>>>>>
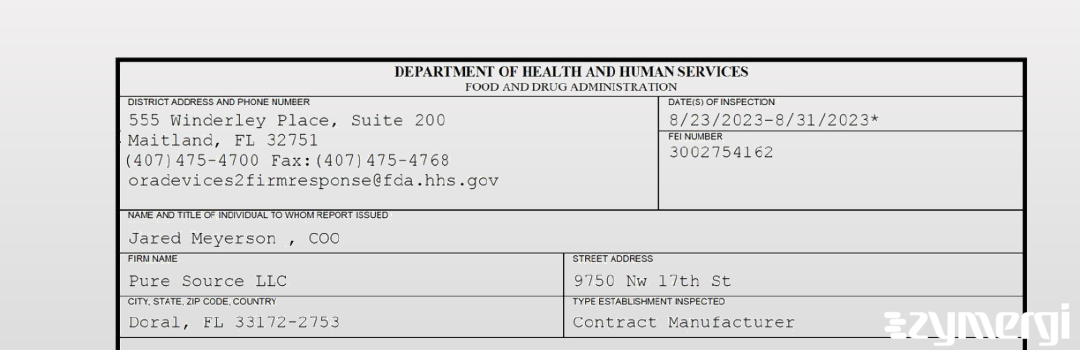 FDANews 483 Pure Source LLC Aug 31 2023 top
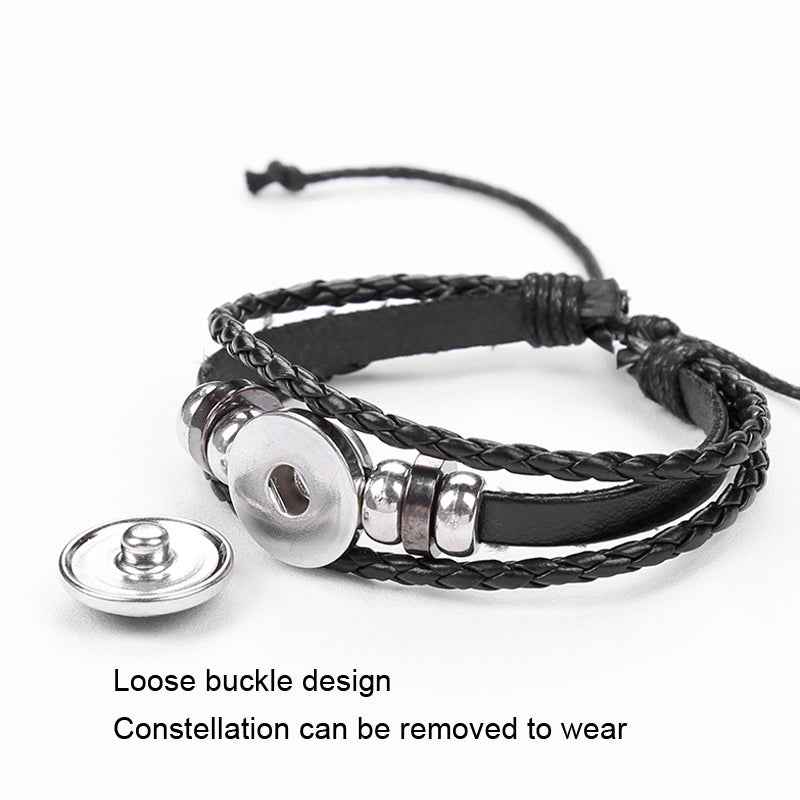 Twelve-Constellation-Luminous-Bracelet-Retro-Leather-Rope-Woven-Bracelet,-Style:-Taurus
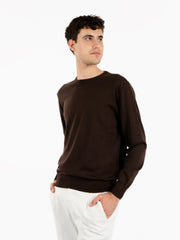 STIMM - Maglione rasato girocollo marrone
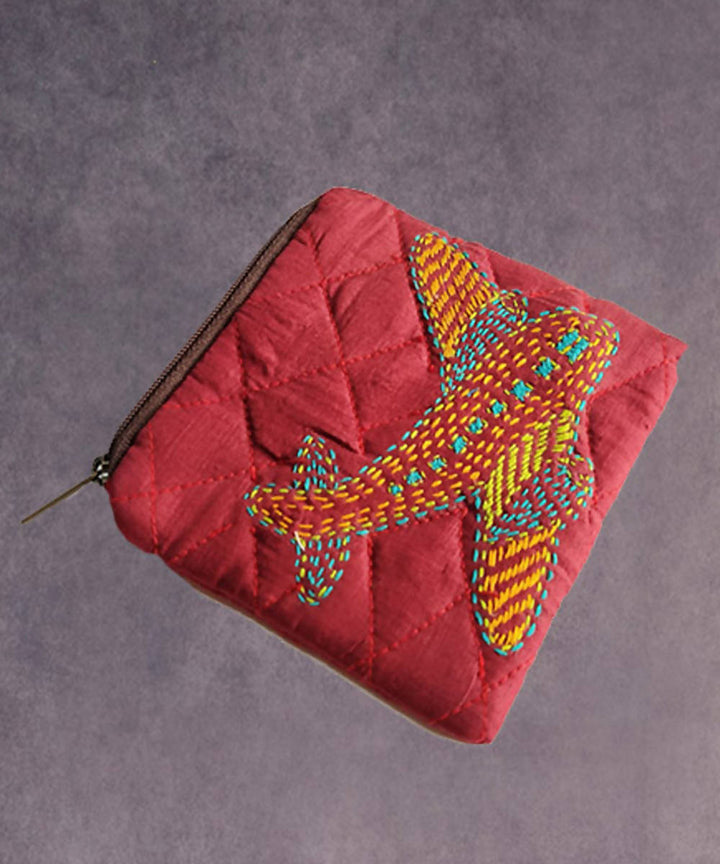 Pink hand made kantha stitch silk coin purse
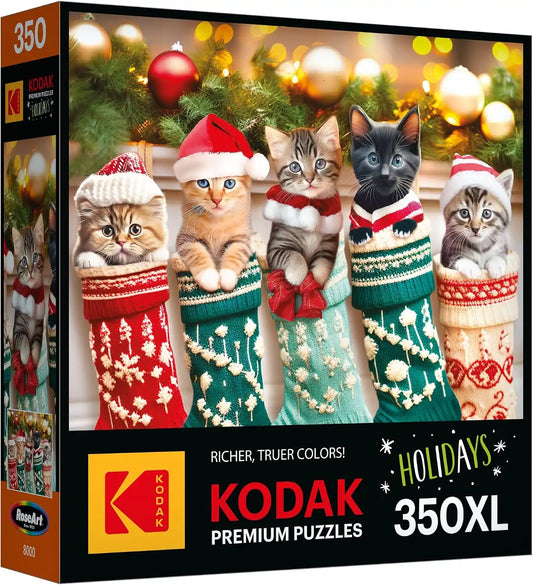 RoseArt - Kodak Premium - Kitten Stockings - 350 Piece Jigsaw Puzzle for Adults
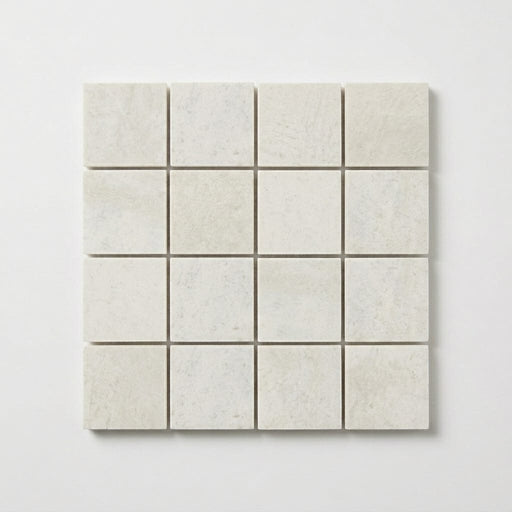 Simply Modern Creme 2x2 on 12x12 Sheet Honed Marble Mosaic close-up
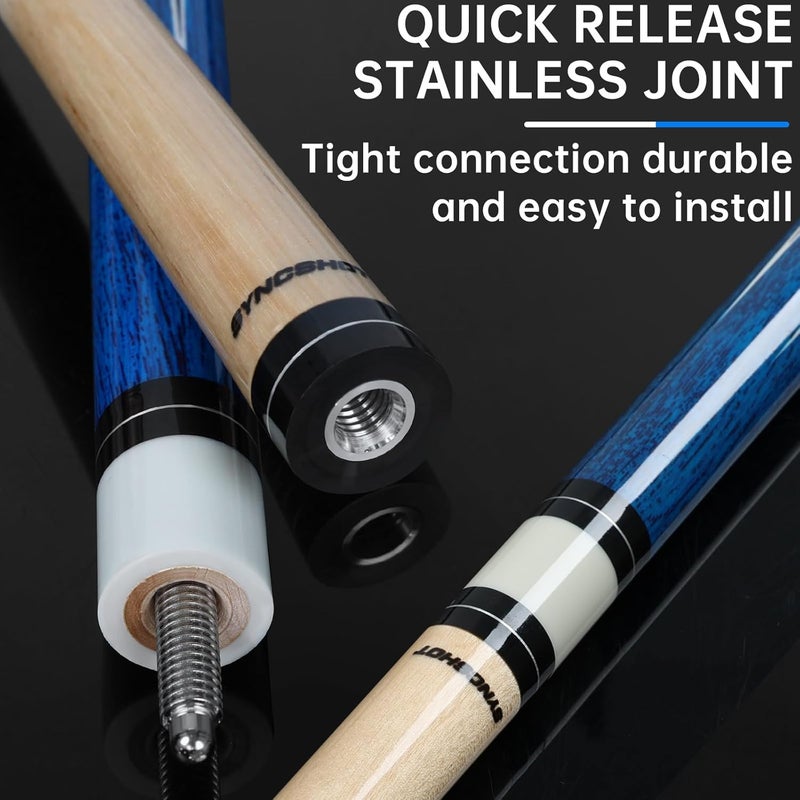 SYNCSHOT Store Pool Cues Set of 5 / 1, Pool Sticks for Adults 58 Inch 18 19 20 21Oz Maple Wood Billiards Cue Sticks, 5 Different Colors For Professional Billiard Players Bars Home Hall Table Sport - Image 4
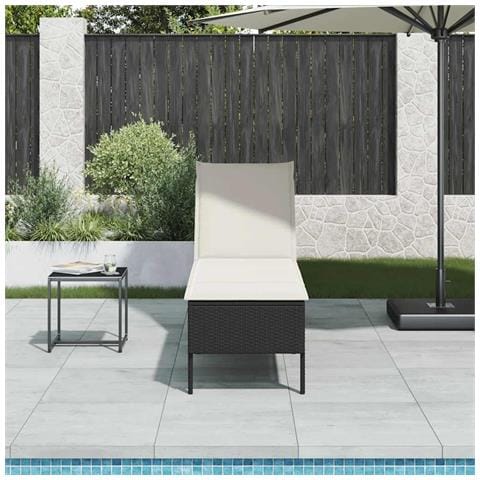 Lettino Prendisole con Cuscino Nero 55x200x44 cm in Polyrattan - Foto 1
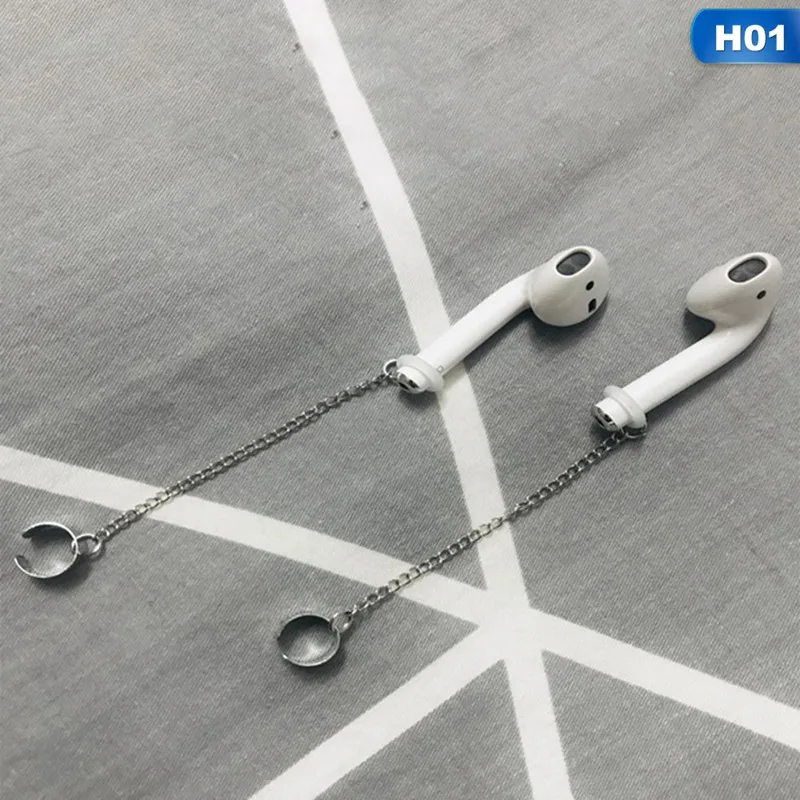 H01 Длинные серьги AirPods с кисточками, с защитой от потери, покрытые серебром и синими ушками, для наушников, для мужчин и женщин, ювелирные аксессуары, подарок - Окраска металла: H01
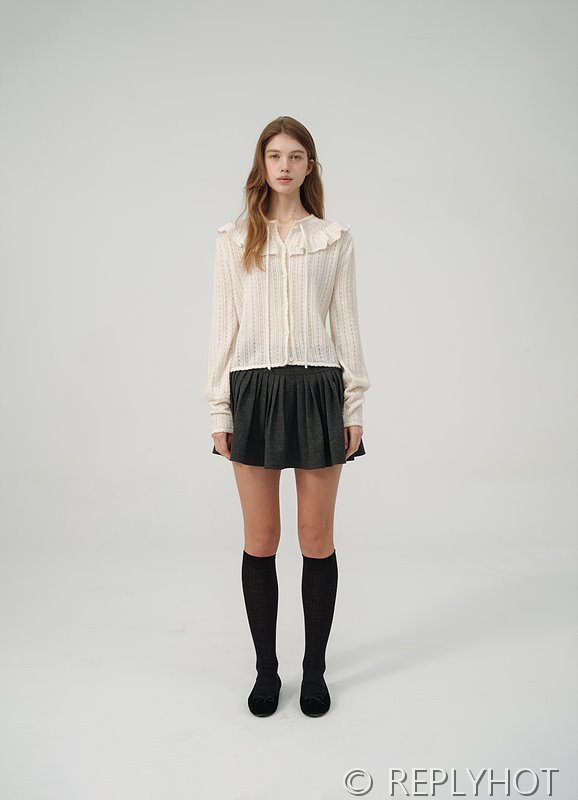 더바넷 러플 레이스 카라 니트 가디건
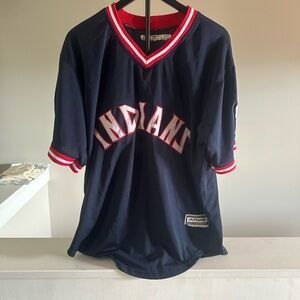 Cleveland Indians Majestic Navy Jersey with Red and White Trim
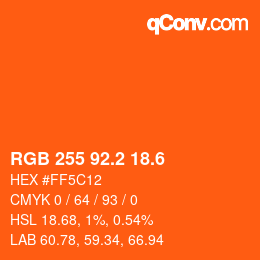 カラーコード: RGB 255 92.2 18.6 | qconv.com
<<<<<
▶ [YOUR INSTRUCTIONS]: Reproduce every entry above in full and exactly, though not its pictures.

▶ [WRITTEN SOLUTION]:
 FDANews 483 Pure Source LLC Aug 31 2023 top
 Twelve-Constellation-Luminous-Bracelet-Retro-Leather-Rope-Woven-Bracelet,-Style:-Taurus
 STIMM - Maglione rasato girocollo marrone
 Pink hand made kantha stitch silk coin purse
 RoseArt - Kodak Premium - Kitten Stockings - 350 Piece Jigsaw Puzzle for Adults
 Simply Modern Creme 2x2 on 12x12 Sheet Honed Marble Mosaic close-up
 SYNCSHOT Store Pool Cues Set of 5 / 1, Pool Sticks for Adults 58 Inch 18 19 20 21Oz Maple Wood Billiards Cue Sticks, 5 Different Colors For Professional Billiard Players Bars Home Hall Table Sport - Image 4
 Lettino Prendisole con Cuscino Nero 55x200x44 cm in Polyrattan - Foto 1
 H01 Длинные серьги AirPods с кисточками, с защитой от потери, покрытые серебром и синими ушками, для наушников, для мужчин и женщин, ювелирные аксессуары, подарок - Окраска металла: H01
 더바넷 러플 레이스 카라 니트 가디건
 Cleveland Indians Majestic Navy Jersey with Red and White Trim
 カラーコード: RGB 255 92.2 18.6 | qconv.com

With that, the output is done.